Other ancient philosophers approach the idea of viewing one's place in the ecosystem as well. They include Sophocles, a Greek philosopher, and Columella, a Roman philosopher. Sophocles writes in Antigone about natural law and legal institutions. In his eyes, the laws of the gods outweigh those of humans and humans must understand their place in the order of natural law. Columella, similar to the Epicureans, believed that in order to make the most efficient use of the land, humans should not rely on the gods, but should become more educated and learn to use resources more efficiently.

==Contemporary examples==
In much the same way that Rachel Carson’s bellwether manuscript Silent Spring changed the realm of how and which chemicals are used in nature, Aldo Leopold changed the views on ecological impact on the environment around us with the introduction of the term “Thinking Like a Mountain” in his book A Sand County Almanac in 1949. Since then, the phrase and the particular mindset it generates has greatly influenced people in all walks of life.

==Books==
Philip Connors has attempted to further Leopold's elucidation with respect to matters of the environment through literature. In many of his books, most notably Fire Season, Connors alludes to thinking like a mountain when he urges the reader to think about more than just the costs and benefits an action has on their person. He believes that everyone who witnesses the environment should have the goal of achieving what Leopold spoke of when he describes living in harmony with nature. Connors said,
We touch the ancient mysteries of life in the wild. We may even learn to see in new ways — more closely, perhaps, and deeper into geologic time. If we’re lucky we get close to learning how to ‘think like a mountain,’ in Aldo Leopold’s great phrase.
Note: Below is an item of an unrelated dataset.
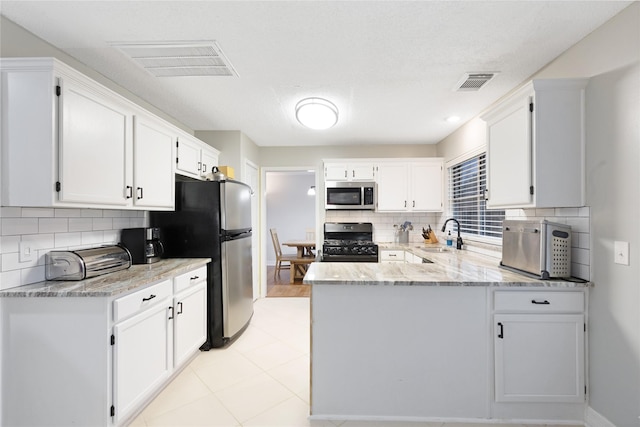 kitchen with stainless steel appliances, white cabinetry, and light stone counters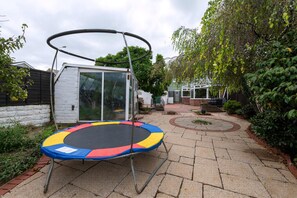 A trampoline in a backyard with a small shed and a paved pathway. - The Swansea Homestay Spacious 4-bed Retreat (Swansea)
Another author, Leslie Thiele refers to thinking like a mountain in multiple chapters in his book Indra's Net and the Midas Touch. Within one chapter, Thiele explains how thinking like a mountain is, first and foremost, an ecological principle for a sustainable existence. Later, he also cites this sort of living as a basis for environmental ethics. Thiele summarizes his view of thinking like a mountain as
a full appreciation of the vast and intricate web of interdependent relationships that constitute a mountain oikos.

==Film==
The idea of thinking like a mountain has also permeated its way into the world of full-length movies and documentaries. Green Fire, released in 2011, is a documentary about Aldo Leopold's influence on modern environmentalism and revolves around the concept of thinking like a mountain. The name Green Fire was meant to capture the image of Leopold's dying she wolf and the passion with which he pursued environmental justice and ecological balance throughout his life.

Filmmaker Alexander Hick spent several months in 2017 among the Arhuaco community in the Sierra Nevada de Santa Marta, Colombia, filming a feature documentary titled "Thinking Like A Mountain" with his brother Immanuel Hick as Director of Photography. The film was released at the International Film Festival Nyon "visions du reel" on April 15, 2018, and screened at other festivals around the world. The Film won the Human Rights Film Award Deutscher Menschenrechts Filmpreis" in one of the categories.

Mission Wolf: Experiment in Living (2018) documents a group of volunteers near the southern edge of the Rocky Mountains who seek to nurture themselves just as they nurture the wolves they care deeply about. Leopold's thoughts on wolves and nature are reflected and reference in the film.

==Music==
The mindset of thinking like a mountain has been infused into music as well. Folk artist Libby Roderick has used the idea of thinking like a mountain as a foundation for her album Thinking Like a Mountain. In one song in particular, Roderick equates thinking like a mountain to being safe, home, or complete. Also, she ends each stanza with “Thinking like a mountain, honey, we will make it home” as if to say that eventually we will all think with a long-term perspective and get our lives back on a safe and sustainable track. Furthermore, Roderick ends the song with an ultimatum for each of our lives.
Find the mountain deep within your heart, it's calling you back home!